On Friday, Republican U.S. Senate Majority Leader Mitch McConnell said he’s committed to allowing a vote on a bill for DACA recipients, otherwise known as “Dreamers,” in January.
But McConnell said he sees no rush to resolve the deportation threat posed by Trump’s decision to end the program protecting Caribbean and other immigrants brought to the United States illegally as children.
“There isn’t that much of an emergency there,” he said. “There is no emergency until March. We’ll keep talking about it.”
Trump called for phasing out by March the Obama-era program that allows the young immigrants, many of them longtime residents, to get two-year deferrals of any deportation threat so they can legally attend school or work. Beneficiaries must be vetted for security purposes, according to the Los Angeles Times.
Trump told the US Congress to come up with a legislative alternative for DACA, which President Obama created by executive order, to protect those currently eligible.
A bipartisan Senate group has been working with the White House, but talks stalled this week amid administration demands for curbs on legal immigration flows in exchange for protecting the DACA recipients, the Los Angeles Times said.
Dreamers and immigrant advocates stormed the Capitol on Thursday pressing for the help promised by Trump and Democratic congressional leaders that failed to materialize in the year’s final legislatio
“We’ve been gridlocked on this issue for years,” McConnell said. “We want to have a signature. We don’t just want to spin our wheels and have nothing to show for it.”
Meantime, Catholic Archbishop of Chicago Cardinal Blase Cupich said “it would be a horrible injustice” not to give amnesty to the immigrants shielded from deportation by the President Obama-created DACA program.
In an interview with Obama political strategist David Axelrod, Cardinal Cupich said it is the responsibility of U.S. legislators to grant amnesty to DACA immigrants.
“I think it would be a horrible injustice not to fix this problem,” he said Friday. “We have 800,000 young people who came here not of their own volition but by their parents, know no other country and culture, and now to say that they’re going to be deported simply because there is a failure. To humanely deal with this issue would be a great tragedy.
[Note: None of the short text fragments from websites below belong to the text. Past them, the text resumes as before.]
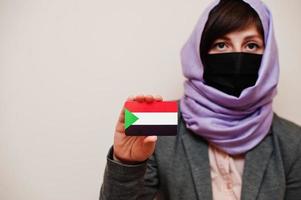 Portrait of young muslim woman wearing formal wear, protect face mask and hijab head scarf, hold Sudan flag card against isolated background. Coronavirus country concept. photo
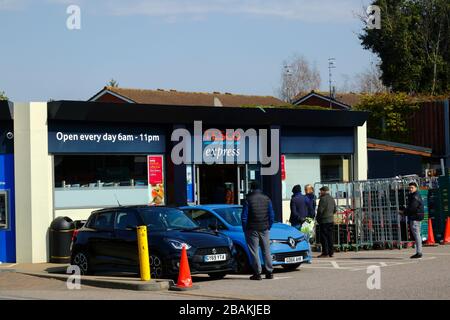 28 mars 2020: Les gens suivant des recommandations de distanciation sociale tout en faisant la queue à l'extérieur du supermarché express Tesco en raison des restrictions imposées par le gouvernement à la circulation pour empêcher la propagation du coronavirus, Southborough, Kent, Angleterre Banque D'Images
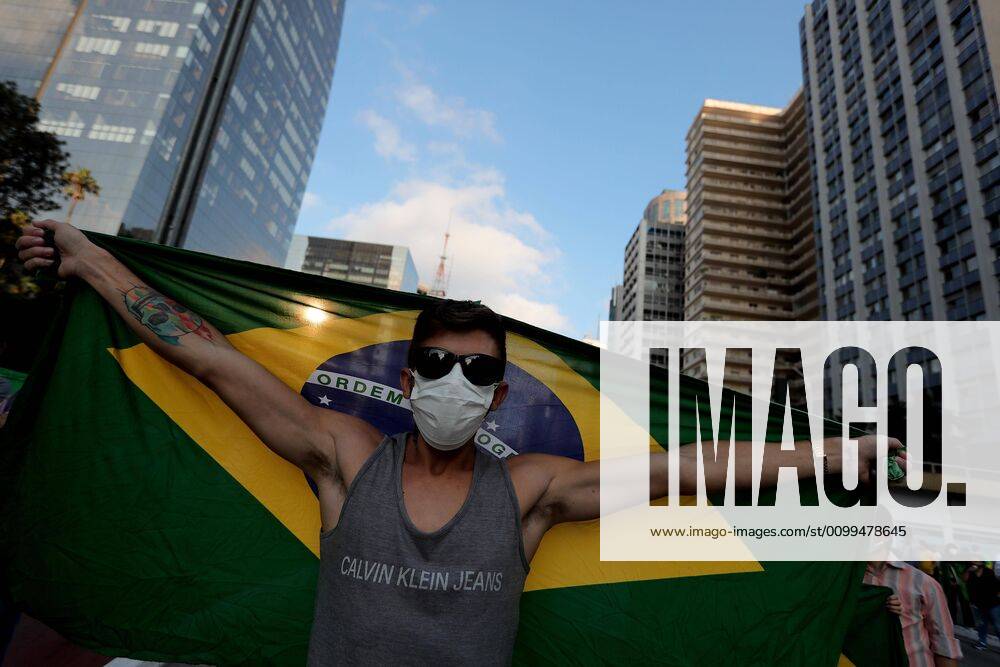 A man with a facial mask waves a Brazilian flag during a demonstration against social isolation and in favor of military intervention, on Paulista Avenue, in Sao Paulo, Brazil, 19 April 2020. The President of Brazil, Jair Bolsonaro, once again ignored the health recommendations for social distancing amid the coronavirus pandemic and took part this Sunday in one of the several demonstrations that were held in his favor in different cities of the country. Bolsonaro spoke in Brasilia before hundreds of sympathizers who gathered outside the Army Headquarters to request a military intervention. Bolsonaro ignores recommendations and takes part in a day of demonstrations !ACHTUNG: NUR REDAKTIONELLE NUTZUNG!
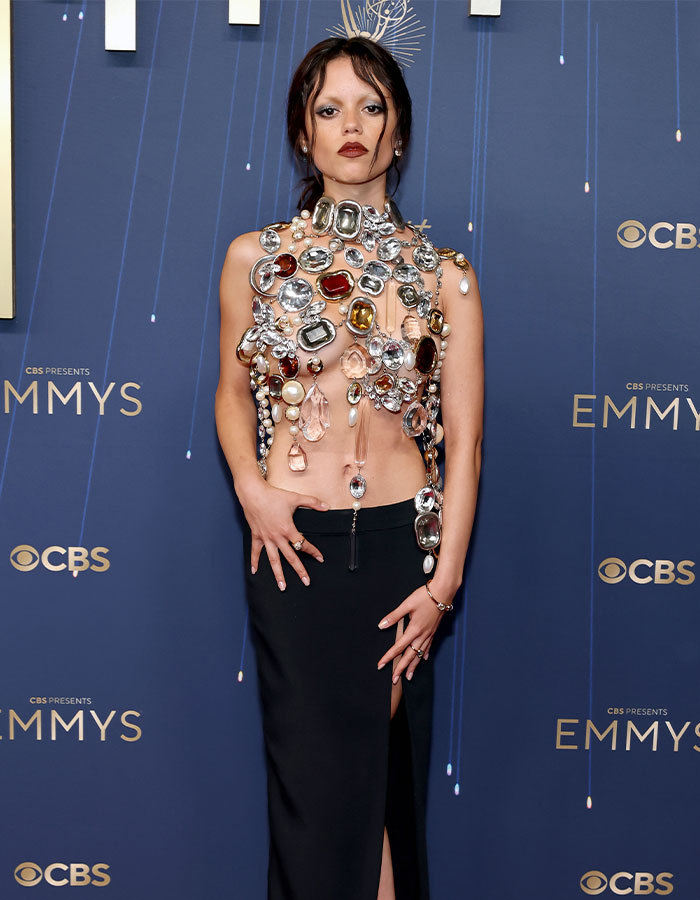 Jenna Ortega at the Emmys wearing a jeweled outfit, styled by her stylist after a viral painful wardrobe moment. Jenna Ortega at the Emmys wearing a jeweled outfit, styled by her stylist after a viral painful wardrobe moment.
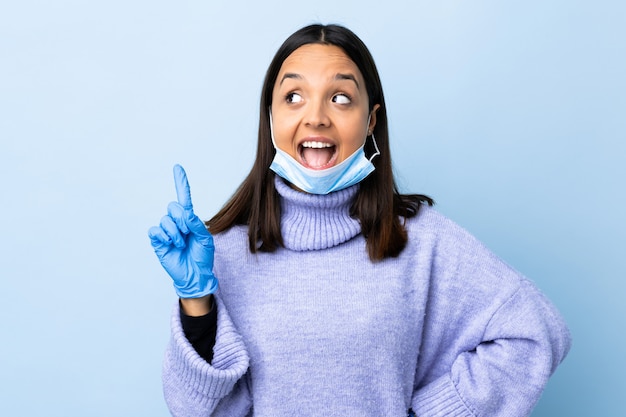 Joven mujer morena de raza mixta que protege del coronavirus con una máscara y guantes sobre una pared azul aislada con la intención de darse cuenta de la solución mientras levanta un dedo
“We’re fighting every day for this and trying to get this on the agenda for the House and the Senate to deal with,” Cardinal Cupich added. “It has to be fixed. And if it’s not by March, we’re going to have thousands of young people every week who are going to be liable for deportation, and the government has the information on them. That should not be.
“We have to rise up and make sure that we do not allow this to happen,” he urged. “This problem should be fixed. And as far as I’m concerned, there really is no alternative but to fix it right away.”